Exercise details —
Restate the entries word for word, leaving nothing out.

Short descriptive text snippets:

• • • •

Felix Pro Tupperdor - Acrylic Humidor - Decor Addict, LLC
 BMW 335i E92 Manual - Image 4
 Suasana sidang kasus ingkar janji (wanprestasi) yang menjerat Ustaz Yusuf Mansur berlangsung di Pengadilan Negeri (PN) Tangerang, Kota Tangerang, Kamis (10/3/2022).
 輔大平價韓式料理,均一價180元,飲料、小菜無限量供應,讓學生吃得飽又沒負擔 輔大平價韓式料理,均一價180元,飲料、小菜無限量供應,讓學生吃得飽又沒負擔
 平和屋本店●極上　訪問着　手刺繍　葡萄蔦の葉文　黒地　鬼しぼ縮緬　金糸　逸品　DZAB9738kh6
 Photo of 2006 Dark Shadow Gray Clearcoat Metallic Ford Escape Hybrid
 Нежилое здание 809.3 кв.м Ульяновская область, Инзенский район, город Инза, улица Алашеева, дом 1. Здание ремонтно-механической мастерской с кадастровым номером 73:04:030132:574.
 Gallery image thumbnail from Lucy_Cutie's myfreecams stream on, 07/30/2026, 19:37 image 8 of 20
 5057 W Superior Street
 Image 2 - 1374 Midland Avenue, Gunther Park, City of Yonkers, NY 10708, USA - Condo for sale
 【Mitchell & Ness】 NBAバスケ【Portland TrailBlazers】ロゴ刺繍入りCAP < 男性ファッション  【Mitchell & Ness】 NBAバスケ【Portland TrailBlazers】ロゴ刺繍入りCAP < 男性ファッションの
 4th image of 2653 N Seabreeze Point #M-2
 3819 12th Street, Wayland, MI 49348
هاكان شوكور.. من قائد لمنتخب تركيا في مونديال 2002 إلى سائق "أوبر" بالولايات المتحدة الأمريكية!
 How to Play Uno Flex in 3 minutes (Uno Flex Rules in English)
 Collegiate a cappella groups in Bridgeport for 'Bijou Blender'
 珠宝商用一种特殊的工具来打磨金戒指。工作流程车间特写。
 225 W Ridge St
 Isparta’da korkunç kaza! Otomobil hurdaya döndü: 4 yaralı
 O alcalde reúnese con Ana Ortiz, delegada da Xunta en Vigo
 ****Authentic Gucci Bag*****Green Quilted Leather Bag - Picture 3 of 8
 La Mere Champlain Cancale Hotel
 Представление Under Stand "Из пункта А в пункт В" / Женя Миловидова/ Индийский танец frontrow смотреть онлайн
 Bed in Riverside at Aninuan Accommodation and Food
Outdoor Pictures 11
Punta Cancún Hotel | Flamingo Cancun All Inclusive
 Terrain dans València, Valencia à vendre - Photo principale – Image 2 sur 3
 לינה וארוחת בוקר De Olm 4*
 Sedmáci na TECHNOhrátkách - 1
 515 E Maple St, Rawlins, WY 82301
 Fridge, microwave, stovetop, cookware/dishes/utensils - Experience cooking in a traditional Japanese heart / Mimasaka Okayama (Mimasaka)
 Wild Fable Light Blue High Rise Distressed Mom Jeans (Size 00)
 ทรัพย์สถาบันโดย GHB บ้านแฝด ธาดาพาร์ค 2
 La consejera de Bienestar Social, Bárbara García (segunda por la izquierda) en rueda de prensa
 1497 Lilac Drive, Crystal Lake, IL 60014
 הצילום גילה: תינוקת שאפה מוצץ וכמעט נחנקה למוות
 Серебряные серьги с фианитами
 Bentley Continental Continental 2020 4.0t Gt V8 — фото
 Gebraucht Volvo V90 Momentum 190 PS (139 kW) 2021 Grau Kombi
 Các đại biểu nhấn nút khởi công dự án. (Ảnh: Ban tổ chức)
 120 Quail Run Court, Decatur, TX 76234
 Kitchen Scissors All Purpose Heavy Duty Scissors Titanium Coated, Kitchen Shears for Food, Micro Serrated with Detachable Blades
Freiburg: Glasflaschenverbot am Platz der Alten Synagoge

• • • •

Completed exercise —
Felix Pro Tupperdor - Acrylic Humidor - Decor Addict, LLC
 BMW 335i E92 Manual - Image 4
 Suasana sidang kasus ingkar janji (wanprestasi) yang menjerat Ustaz Yusuf Mansur berlangsung di Pengadilan Negeri (PN) Tangerang, Kota Tangerang, Kamis (10/3/2022).
 輔大平價韓式料理,均一價180元,飲料、小菜無限量供應,讓學生吃得飽又沒負擔 輔大平價韓式料理,均一價180元,飲料、小菜無限量供應,讓學生吃得飽又沒負擔
 平和屋本店●極上　訪問着　手刺繍　葡萄蔦の葉文　黒地　鬼しぼ縮緬　金糸　逸品　DZAB9738kh6
 Photo of 2006 Dark Shadow Gray Clearcoat Metallic Ford Escape Hybrid
 Нежилое здание 809.3 кв.м Ульяновская область, Инзенский район, город Инза, улица Алашеева, дом 1. Здание ремонтно-механической мастерской с кадастровым номером 73:04:030132:574.
 Gallery image thumbnail from Lucy_Cutie's myfreecams stream on, 07/30/2026, 19:37 image 8 of 20
 5057 W Superior Street
 Image 2 - 1374 Midland Avenue, Gunther Park, City of Yonkers, NY 10708, USA - Condo for sale
 【Mitchell & Ness】 NBAバスケ【Portland TrailBlazers】ロゴ刺繍入りCAP < 男性ファッション  【Mitchell & Ness】 NBAバスケ【Portland TrailBlazers】ロゴ刺繍入りCAP < 男性ファッションの
 4th image of 2653 N Seabreeze Point #M-2
 3819 12th Street, Wayland, MI 49348
هاكان شوكور.. من قائد لمنتخب تركيا في مونديال 2002 إلى سائق "أوبر" بالولايات المتحدة الأمريكية!
 How to Play Uno Flex in 3 minutes (Uno Flex Rules in English)
 Collegiate a cappella groups in Bridgeport for 'Bijou Blender'
 珠宝商用一种特殊的工具来打磨金戒指。工作流程车间特写。
 225 W Ridge St
 Isparta’da korkunç kaza! Otomobil hurdaya döndü: 4 yaralı
 O alcalde reúnese con Ana Ortiz, delegada da Xunta en Vigo
 ****Authentic Gucci Bag*****Green Quilted Leather Bag - Picture 3 of 8
 La Mere Champlain Cancale Hotel
 Представление Under Stand "Из пункта А в пункт В" / Женя Миловидова/ Индийский танец frontrow смотреть онлайн
 Bed in Riverside at Aninuan Accommodation and Food
Outdoor Pictures 11
Punta Cancún Hotel | Flamingo Cancun All Inclusive
 Terrain dans València, Valencia à vendre - Photo principale – Image 2 sur 3
 לינה וארוחת בוקר De Olm 4*
 Sedmáci na TECHNOhrátkách - 1
 515 E Maple St, Rawlins, WY 82301
 Fridge, microwave, stovetop, cookware/dishes/utensils - Experience cooking in a traditional Japanese heart / Mimasaka Okayama (Mimasaka)
 Wild Fable Light Blue High Rise Distressed Mom Jeans (Size 00)
 ทรัพย์สถาบันโดย GHB บ้านแฝด ธาดาพาร์ค 2
 La consejera de Bienestar Social, Bárbara García (segunda por la izquierda) en rueda de prensa
 1497 Lilac Drive, Crystal Lake, IL 60014
 הצילום גילה: תינוקת שאפה מוצץ וכמעט נחנקה למוות
 Серебряные серьги с фианитами
 Bentley Continental Continental 2020 4.0t Gt V8 — фото
 Gebraucht Volvo V90 Momentum 190 PS (139 kW) 2021 Grau Kombi
 Các đại biểu nhấn nút khởi công dự án. (Ảnh: Ban tổ chức)
 120 Quail Run Court, Decatur, TX 76234
 Kitchen Scissors All Purpose Heavy Duty Scissors Titanium Coated, Kitchen Shears for Food, Micro Serrated with Detachable Blades
Freiburg: Glasflaschenverbot am Platz der Alten Synagoge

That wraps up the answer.